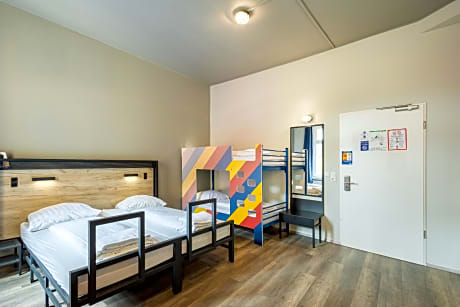 Bed in 6-Bed Dormitory Room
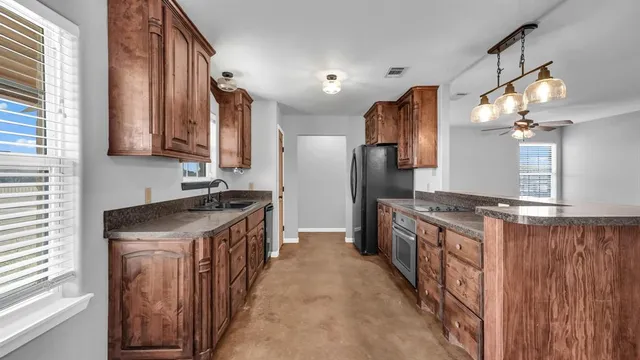 $575,000 | 1110 Knob Road, Springtown, TX 76082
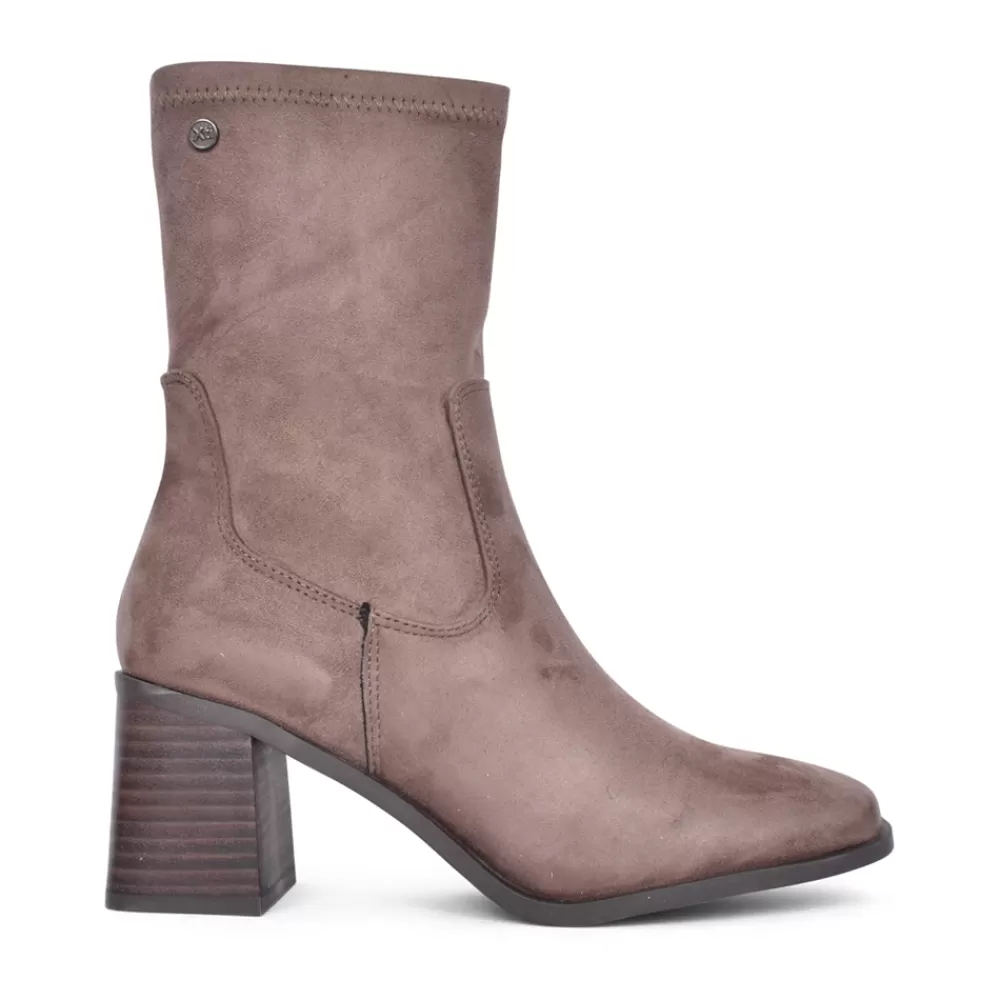 Ladies XTI Ladies 140485 Block Heel Calf Boot In Taupe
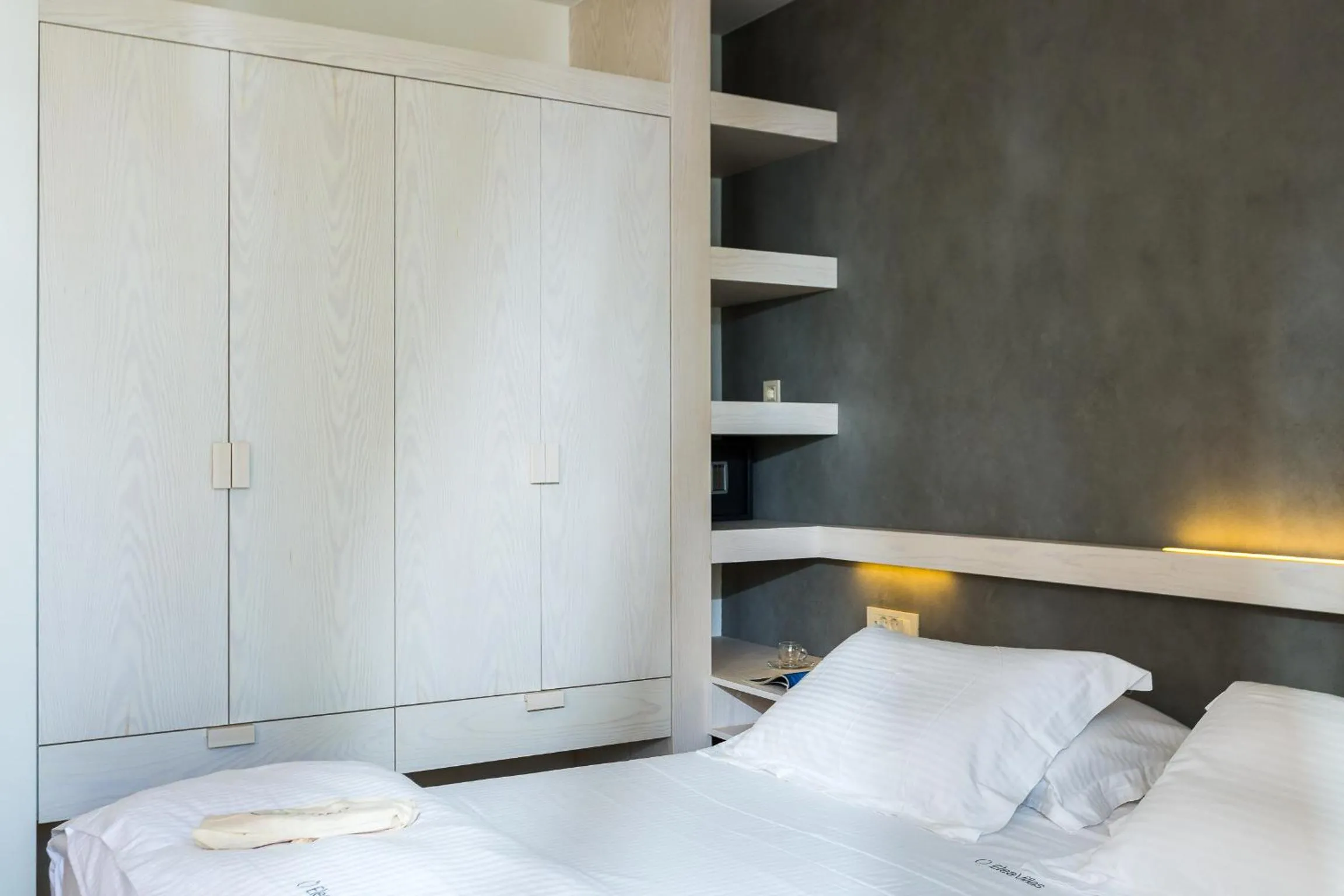 Bedroom, Bed in Elea Villas - Aspro & Blanche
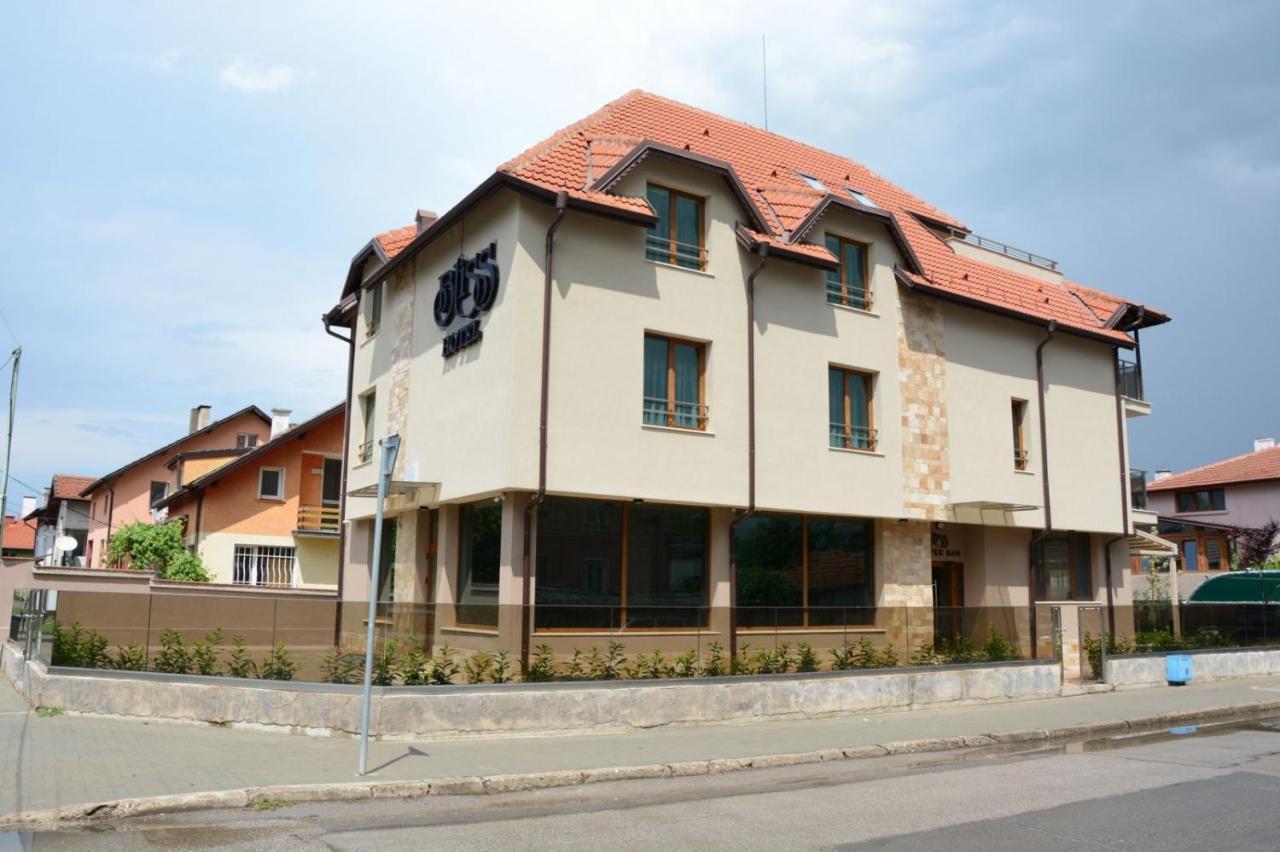 Хотел Bliss Kazichene Bagian luar foto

────

◆ PROMPT:
Transcribe the data verbatim. No picture belongs in the result.

◆ RESPONSE FOR THIS EXERCISE:
 Bed in 6-Bed Dormitory Room
 $575,000 | 1110 Knob Road, Springtown, TX 76082
 Ladies XTI Ladies 140485 Block Heel Calf Boot In Taupe
 Bedroom, Bed in Elea Villas - Aspro & Blanche
 Хотел Bliss Kazichene Bagian luar foto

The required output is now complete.